The preliminary conclusions according with the behavior of maximum surface temperature in the core, with and without cooling in the core region are as follows: (1) The injection of the HPCS at 700 s, cooling is achieved properly of the core region and the consequence of core damage can be stopped. (2) The injection of the HPCS at 900 s can be not recommendable due to exothermal process that cause large increase of the temperature (temperatures peaks) in the core region. (3) The injection of the HPCS at 1200 s has not significant effect and the behavior is similar to without cooling, apparently due to the loss of cooling capacity due to loss of geometry of the core region.
The energy accumulated and generated by different process such as chemical reactions is a indicative that the time the injection is crucial as after the core region, it is not possible to cool (with HPCS), at least at short times, the order of the hours. Also as is showed by results, the injection at 900 s generates higher thermal shock, which may make it harder to mitigate core damage.
Figure 5 is obtained using the variable BGMCT of RELAP/SCDAPSIM that represent the maximum temperature in the surface of the core, this case is observed that the maximum temperature in the surface of one axial node remains high even after the injection of the HPCS, this is because of the loss of configuration of the core, the hottest axial node is not cooled.
7.3. Level of the Core Damage
The behavior of the level of the core damage is presented in Figure 6. This result provides sufficient information to establish the effect of time of injection of cooling water to the core region. In this figure, it can be see that the simulation start with little core damage before of 500 s for four analyzed cases, that is, with injection (HPCS to 700, 900, and 1200 s) and without cooling the core region. The core damage that is represented in the Y axis (Figure 7) refers to 0% when all the axial nodes of the core fuel bundles are intact, and 100% refers when the whole axial nodes of the fuel bundles are in an intermediate stage as ballooning, rubble, and cohesive debris or molten. This core damage is a consequence of the deficiency or lack of cooling the reactor for a prolonged period of time; in this case, the core damage is presented at approximately 750 s. According to Figure 6, the level of core damage is about 1% for the case where the HPCS injection acts at 700 s.

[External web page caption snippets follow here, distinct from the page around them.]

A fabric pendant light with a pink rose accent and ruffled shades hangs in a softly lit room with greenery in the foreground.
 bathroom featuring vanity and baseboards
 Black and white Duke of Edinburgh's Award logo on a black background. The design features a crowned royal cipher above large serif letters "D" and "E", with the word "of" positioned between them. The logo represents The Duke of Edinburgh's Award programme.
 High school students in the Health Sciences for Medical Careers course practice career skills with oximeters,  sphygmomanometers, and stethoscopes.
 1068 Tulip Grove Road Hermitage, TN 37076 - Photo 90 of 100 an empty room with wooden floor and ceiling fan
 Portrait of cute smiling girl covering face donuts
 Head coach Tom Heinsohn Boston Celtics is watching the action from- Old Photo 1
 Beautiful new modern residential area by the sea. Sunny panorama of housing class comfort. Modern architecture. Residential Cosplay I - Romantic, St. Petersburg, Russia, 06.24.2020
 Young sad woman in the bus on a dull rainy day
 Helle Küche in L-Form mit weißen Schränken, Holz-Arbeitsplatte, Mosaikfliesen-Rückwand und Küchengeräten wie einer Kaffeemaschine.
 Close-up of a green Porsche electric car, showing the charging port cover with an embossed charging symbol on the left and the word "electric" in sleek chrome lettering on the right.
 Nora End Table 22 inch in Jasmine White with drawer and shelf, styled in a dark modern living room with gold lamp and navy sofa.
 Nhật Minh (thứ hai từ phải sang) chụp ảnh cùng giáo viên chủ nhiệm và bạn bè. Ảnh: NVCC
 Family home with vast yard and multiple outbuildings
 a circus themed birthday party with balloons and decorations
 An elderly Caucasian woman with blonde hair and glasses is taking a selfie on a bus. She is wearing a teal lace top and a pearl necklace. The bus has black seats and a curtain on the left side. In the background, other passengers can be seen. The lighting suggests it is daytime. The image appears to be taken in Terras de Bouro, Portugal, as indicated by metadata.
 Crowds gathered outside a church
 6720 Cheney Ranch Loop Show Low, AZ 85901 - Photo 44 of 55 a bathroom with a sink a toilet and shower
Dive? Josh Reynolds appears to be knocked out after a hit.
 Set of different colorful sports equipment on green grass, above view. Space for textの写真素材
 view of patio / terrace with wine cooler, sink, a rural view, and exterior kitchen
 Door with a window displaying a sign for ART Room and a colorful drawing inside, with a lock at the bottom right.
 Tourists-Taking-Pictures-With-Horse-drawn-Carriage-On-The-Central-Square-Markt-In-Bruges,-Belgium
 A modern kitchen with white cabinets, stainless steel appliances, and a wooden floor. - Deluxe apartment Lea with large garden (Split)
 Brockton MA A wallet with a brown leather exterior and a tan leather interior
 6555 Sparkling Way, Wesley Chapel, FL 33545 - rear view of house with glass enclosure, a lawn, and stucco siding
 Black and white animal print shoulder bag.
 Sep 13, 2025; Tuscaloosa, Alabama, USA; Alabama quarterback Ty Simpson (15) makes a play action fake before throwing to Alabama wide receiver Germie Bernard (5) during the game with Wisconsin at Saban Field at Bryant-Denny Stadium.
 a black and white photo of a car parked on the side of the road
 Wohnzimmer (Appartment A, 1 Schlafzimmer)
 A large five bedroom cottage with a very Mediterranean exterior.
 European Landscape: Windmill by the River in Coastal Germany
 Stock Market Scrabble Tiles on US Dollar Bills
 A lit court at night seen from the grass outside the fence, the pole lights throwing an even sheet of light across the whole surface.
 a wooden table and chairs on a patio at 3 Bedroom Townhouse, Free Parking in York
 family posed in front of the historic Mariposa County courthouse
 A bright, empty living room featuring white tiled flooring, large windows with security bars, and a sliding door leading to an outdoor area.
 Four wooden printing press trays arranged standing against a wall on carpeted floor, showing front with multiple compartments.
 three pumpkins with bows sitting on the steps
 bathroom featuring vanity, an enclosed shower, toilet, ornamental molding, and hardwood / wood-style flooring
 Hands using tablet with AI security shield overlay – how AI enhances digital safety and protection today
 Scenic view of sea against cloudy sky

Now, in the following analysis, we take as a reference the behavior without HPCS injection (NO C) to emphasize the importance of time of injection of cooling water in the core region. In Figure 6, it can be seen that without HPCS injection the core damage remains unchanged at a minimum value (1%) until about 1000 s, and after this time the core damage increases. When the injection is at 900 s, the level of the core damage is greater than without cooling until 1750 s where the core damage rate increases slightly. For the case HPCS injection at 1200, this behavior is observed, that is, the level the core damage with and without cooling is practically the same until the 1250 s, after the presence of the cooling water accelerates the core damage whose increase is greater than without cooling case, after 1700 s, this behavior is reversed as can be observed in Figure 6.
In summary form, these results indicate that possible negative effect of cooling can be observed in cases of HPCS injecting at 900 to 1200 s, where a sudden increase (at early times of the injection) to the core damage is fully associated with the entry of coolant into the reactor, being greater the core damage than without coolant injection. However, in Figure 6, it can be observed that the rates of core damage decrease due to the phenomena associated with the heat removal.
7.4. Average Level of Control Rod Damage
The behavior of the level of the core damage is presented in Figure 7. According to these results in general terms, the negative effect of cooling can be observed in cases of HPCS injected at 900 to 1200 s, where a sudden increase to the control rod damage is fully associated with the entry of coolant flow into the core region, being greater than without injection for time elapse of 1400 s and 1800 s, respectively. We must notice that the level of damage in the control rods is a function of the cooling rate; therefore, the damage is greater when the cooling starts late or is missing. The control rods damage that is represented in the Y axis (Figure 7) refers to 0% when all the axial nodes of the control rods are intact, and 100% refers when the whole axial nodes of the control rods are not intact. In Figure 6, it is observed that the level of damage of the control rod decreased between 2250 s and 2600 s is an abnormal behavior and is attributable to a mistake in the version 3.2 of RELAP/SCDAPSIM.
7.5. Hydrogen Generation
The behavior of the hydrogen generation in the core region is presented in Figure 8. The hydrogen generation is coming mainly from the Zircaloy cladding oxidation and partly from the boron carbide oxidation of the control rod. In this figure, it can be observed that the level more low of hydrogen generation is when the HPCS injection acts at 700 s, and, therefore, the heat of reaction is less about the other cases studied. Now, when the HPCS injection acts at 900 s and 1200 s, the masses of the hydrogen generation are practically 11 (which is generated in 150 s) and 17 (is generated in 250 s) times greater than the case of the HPCS injection at 700 s (31 kg of hydrogen generated), respectively. Finally, in 3500 s of the elapsed time, the mass generated for the case of 900 s (HPCS injection) is 320 kg and for the case of 1200 s (HPCS injection) is 500 kg. In both cases, the rate of the heat due to oxidation reaction is very high with respect to the case of 700 s of HPCS injection. For the case without cooling with the HPCS, the mass of the generation hydrogen was 220 kg, being 7 times higher than the case of 700 s (HPCS injection).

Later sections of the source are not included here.